Now, what is stated in the above passage was not applicable to the facts of that particular case, but is only a general observation on the subject of the solicitor;s lien. The above passage first contains a statement of a principle and later contains two illustrations of that principle. The principle is that if before the solicitor takes any steps in enforcing his lien, the money in question has been disposed of in some way beyond the power of the Court, then the right of the solicitor is at an end. In the first illustration taken the money has reached the hands of the execution creditor and that is why the lien is at an end. In the second illustration, it is the client who received the moneys and paid it over to his creditor and the money having gone out of the reach of the Court the solicitor's lien is at an end. It is on this second illustration that Mr. Parpia based an argument. He argued that the lien would come to an end only if the client has received the money and paid it over to his creditor, but not if the client has received the money, but the money is still in the hands of the client. He argued that two conditions are stated on the existence of which the lien would be lost and that therefore it must be inferred that if the second condition is not fulfilled the lien is not lost. Now, firstly, this illustration was not directly necessary for the decision of that case before Brett. L.J., and secondly, there is not even an expression of any opinion by that learned judge as to whether the lien would be lost or not if the second condition in that illustration happened to remain unfulfilled. The result is that I am left to ascertain for myself on first principles what would be the effect on the solicitor's lien if only the first condition mentioned in the illustration happens to be fulfilled and not the second. And on first principles, as already stated by me, I do not see how a lien can be declared on moneys already in the hands of the client. In such a case to declare a lien would be ineffective as the real remedy would be a pay order and an attachment thereunder.

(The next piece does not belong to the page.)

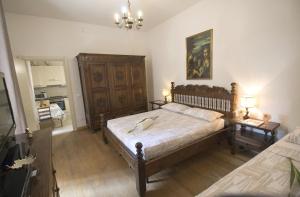 a bedroom with a large bed and two night stands at Appartamento Stibbert in Florence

18. I, therefore, hold that there can be no declaration of lien or a charging order in favour of the applicants as against the amount of the decree already recovered by the Custodian either in respect of earlier costs or even in respect of subsequent costs.

19. That leaves for consideration what reliefs, if any, the applicants are entitled to in respect of prayer (b) of the summons. here again, there are two points for consideration, viz.,

(1) Are the applicants entitled to an order for payment in respect of the earlier costs, and

(2) Whether there can be an order for payment of either the amount of the earlier costs or even the subsequent costs out of the amount the Custodian may have recovered or may hereafter recover from the Defendants under the said decree dated 25-1-1955 passed in this suit.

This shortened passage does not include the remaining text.